═════ Data listing ═════
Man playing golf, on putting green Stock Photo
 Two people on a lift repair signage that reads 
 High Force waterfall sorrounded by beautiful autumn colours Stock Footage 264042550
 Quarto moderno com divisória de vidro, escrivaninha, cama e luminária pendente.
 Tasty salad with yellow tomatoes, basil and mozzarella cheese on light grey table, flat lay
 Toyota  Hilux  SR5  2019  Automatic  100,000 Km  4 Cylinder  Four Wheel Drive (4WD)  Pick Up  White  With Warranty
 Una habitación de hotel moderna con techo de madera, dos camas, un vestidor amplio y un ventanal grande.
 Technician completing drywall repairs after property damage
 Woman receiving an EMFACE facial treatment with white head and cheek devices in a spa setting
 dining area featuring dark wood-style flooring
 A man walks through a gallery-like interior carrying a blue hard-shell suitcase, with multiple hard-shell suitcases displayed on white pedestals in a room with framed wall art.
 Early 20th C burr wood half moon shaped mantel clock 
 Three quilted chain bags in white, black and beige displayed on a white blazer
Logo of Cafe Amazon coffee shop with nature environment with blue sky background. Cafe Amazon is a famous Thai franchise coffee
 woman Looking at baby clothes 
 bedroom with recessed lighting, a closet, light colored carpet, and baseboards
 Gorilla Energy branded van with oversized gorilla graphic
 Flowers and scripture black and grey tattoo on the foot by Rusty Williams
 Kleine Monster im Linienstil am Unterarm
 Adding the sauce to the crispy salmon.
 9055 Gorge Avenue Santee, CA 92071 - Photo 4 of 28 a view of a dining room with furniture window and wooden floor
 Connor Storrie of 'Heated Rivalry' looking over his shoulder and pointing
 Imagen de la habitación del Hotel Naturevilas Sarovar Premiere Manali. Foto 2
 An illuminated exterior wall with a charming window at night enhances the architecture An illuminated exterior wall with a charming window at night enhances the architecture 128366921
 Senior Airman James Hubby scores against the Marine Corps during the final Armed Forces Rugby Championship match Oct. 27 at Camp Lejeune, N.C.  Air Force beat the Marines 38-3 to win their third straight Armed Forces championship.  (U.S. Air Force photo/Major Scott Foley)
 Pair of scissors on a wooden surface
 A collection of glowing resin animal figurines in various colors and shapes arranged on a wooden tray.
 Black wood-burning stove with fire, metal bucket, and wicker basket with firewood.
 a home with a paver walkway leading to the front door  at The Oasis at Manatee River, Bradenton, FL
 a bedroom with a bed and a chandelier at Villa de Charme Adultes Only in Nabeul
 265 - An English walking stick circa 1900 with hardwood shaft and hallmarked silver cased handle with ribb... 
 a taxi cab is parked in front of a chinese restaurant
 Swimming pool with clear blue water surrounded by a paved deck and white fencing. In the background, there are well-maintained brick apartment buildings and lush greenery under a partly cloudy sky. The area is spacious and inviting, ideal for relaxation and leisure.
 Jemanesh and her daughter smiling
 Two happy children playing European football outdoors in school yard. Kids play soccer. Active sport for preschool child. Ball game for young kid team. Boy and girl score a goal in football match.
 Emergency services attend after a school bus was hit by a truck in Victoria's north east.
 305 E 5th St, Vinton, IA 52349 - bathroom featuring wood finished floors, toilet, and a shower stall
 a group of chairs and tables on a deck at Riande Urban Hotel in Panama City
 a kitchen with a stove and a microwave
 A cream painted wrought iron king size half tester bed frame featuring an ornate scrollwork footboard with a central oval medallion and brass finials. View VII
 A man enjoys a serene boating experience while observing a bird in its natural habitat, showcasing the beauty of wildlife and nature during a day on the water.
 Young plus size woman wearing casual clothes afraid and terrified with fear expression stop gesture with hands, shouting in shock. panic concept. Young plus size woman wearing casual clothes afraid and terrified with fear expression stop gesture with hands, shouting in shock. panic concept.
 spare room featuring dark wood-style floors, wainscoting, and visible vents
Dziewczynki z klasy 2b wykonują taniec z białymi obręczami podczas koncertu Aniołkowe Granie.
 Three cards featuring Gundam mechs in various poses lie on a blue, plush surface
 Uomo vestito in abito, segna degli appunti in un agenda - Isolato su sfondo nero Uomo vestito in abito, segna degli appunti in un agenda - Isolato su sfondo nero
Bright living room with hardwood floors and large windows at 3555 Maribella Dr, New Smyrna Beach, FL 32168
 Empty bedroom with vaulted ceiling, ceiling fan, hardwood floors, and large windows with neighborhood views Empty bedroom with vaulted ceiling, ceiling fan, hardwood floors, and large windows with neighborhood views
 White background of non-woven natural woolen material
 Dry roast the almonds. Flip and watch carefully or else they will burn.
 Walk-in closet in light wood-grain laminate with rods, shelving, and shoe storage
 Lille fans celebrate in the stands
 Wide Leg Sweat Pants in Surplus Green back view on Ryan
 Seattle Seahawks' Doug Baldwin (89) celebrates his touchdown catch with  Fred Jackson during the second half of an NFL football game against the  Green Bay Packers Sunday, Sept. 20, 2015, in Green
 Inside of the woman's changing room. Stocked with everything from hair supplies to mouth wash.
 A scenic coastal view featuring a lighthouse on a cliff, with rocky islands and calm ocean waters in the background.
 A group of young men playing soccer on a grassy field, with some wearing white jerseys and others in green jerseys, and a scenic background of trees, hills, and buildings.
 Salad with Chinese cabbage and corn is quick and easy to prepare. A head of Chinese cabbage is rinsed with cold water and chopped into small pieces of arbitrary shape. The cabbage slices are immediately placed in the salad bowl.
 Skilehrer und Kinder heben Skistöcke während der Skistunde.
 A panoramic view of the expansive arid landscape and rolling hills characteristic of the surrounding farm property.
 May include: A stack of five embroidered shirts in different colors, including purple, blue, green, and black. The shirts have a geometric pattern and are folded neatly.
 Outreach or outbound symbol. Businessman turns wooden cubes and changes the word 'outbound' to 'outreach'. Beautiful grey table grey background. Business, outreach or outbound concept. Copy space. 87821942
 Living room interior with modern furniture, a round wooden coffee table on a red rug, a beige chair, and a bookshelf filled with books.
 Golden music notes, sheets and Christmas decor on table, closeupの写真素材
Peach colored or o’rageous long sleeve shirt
═════
* Aim of the exercise: Whenever the word "property" appears in a line of the listing, copy out that line.

* Answer section:
 Technician completing drywall repairs after property damage
 A panoramic view of the expansive arid landscape and rolling hills characteristic of the surrounding farm property.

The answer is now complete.